TASK DIRECTIONS >>
The lines to extract begin at the line that contains "Damen - Langarmshirt" and run through the last line of the listing; reproduce them exactly, minus any pictures.

╭─ DATA PROVIDED

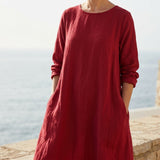 Crimson Linen-Look, Polyester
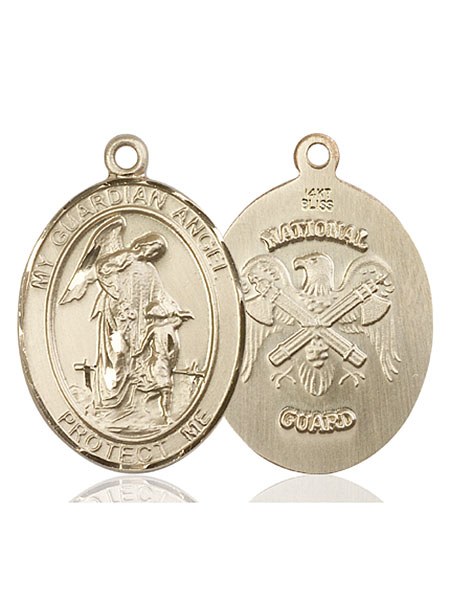 14kt Gold Guardian Angel National Guard Medal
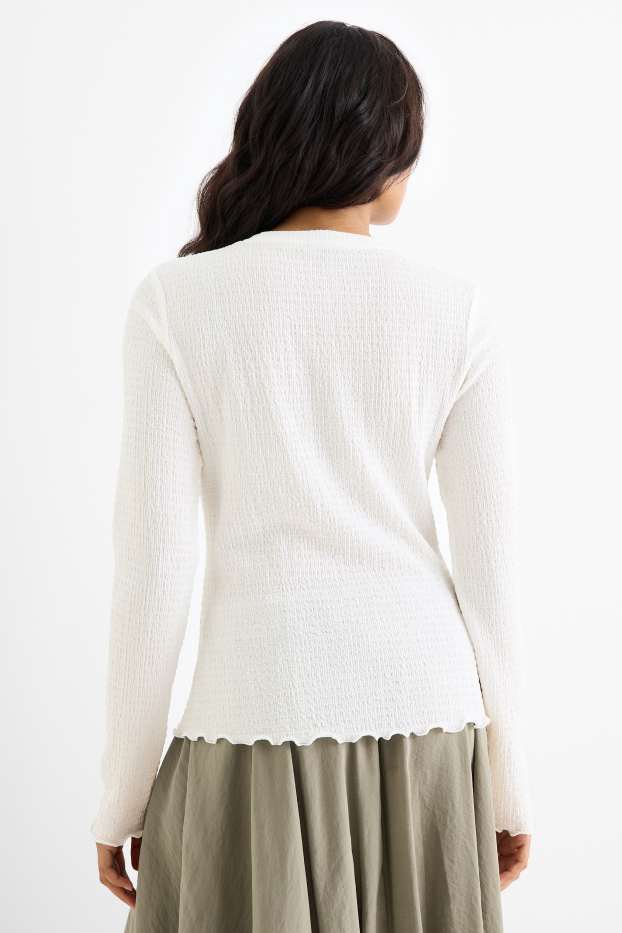 Damen - Langarmshirt - strukturiert - cremeweiß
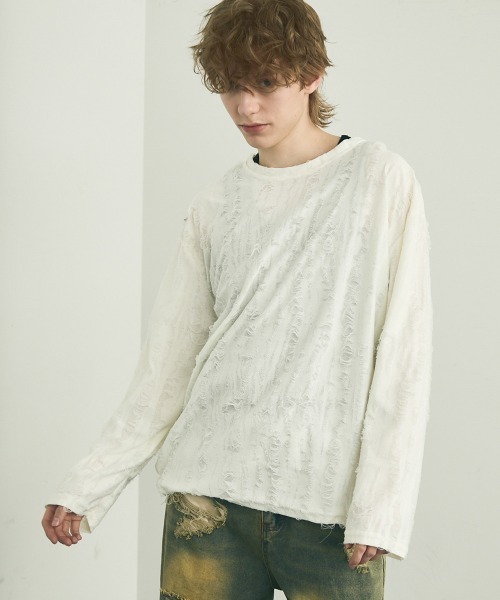 Shoowtime(ショウタイム)の「All over damage design long T-shirt / オールオーバーダメージデザインロングTシャツ(Tシャツ/カットソー・メンズ・ブラック/オフホワイト/グレー・MEDIUM/LARGE/X-LARGE)」の8枚目の写真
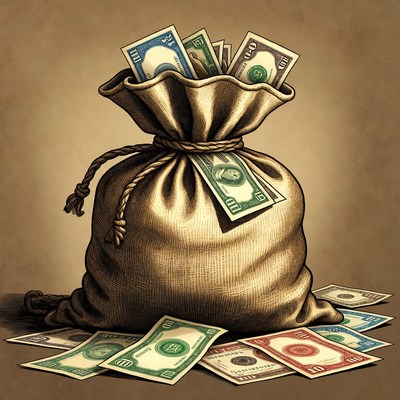 Money Bag Overflowing with Dollars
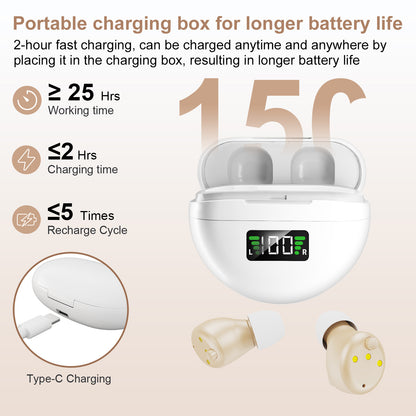 Smart Noise-Canceling Behind-the-Ear Hearing Aid with Magnetic Charging Case for International Market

╰─

REPLY TO THE EXERCISE >>
 Damen - Langarmshirt - strukturiert - cremeweiß
 Shoowtime(ショウタイム)の「All over damage design long T-shirt / オールオーバーダメージデザインロングTシャツ(Tシャツ/カットソー・メンズ・ブラック/オフホワイト/グレー・MEDIUM/LARGE/X-LARGE)」の8枚目の写真
 Money Bag Overflowing with Dollars
 Smart Noise-Canceling Behind-the-Ear Hearing Aid with Magnetic Charging Case for International Market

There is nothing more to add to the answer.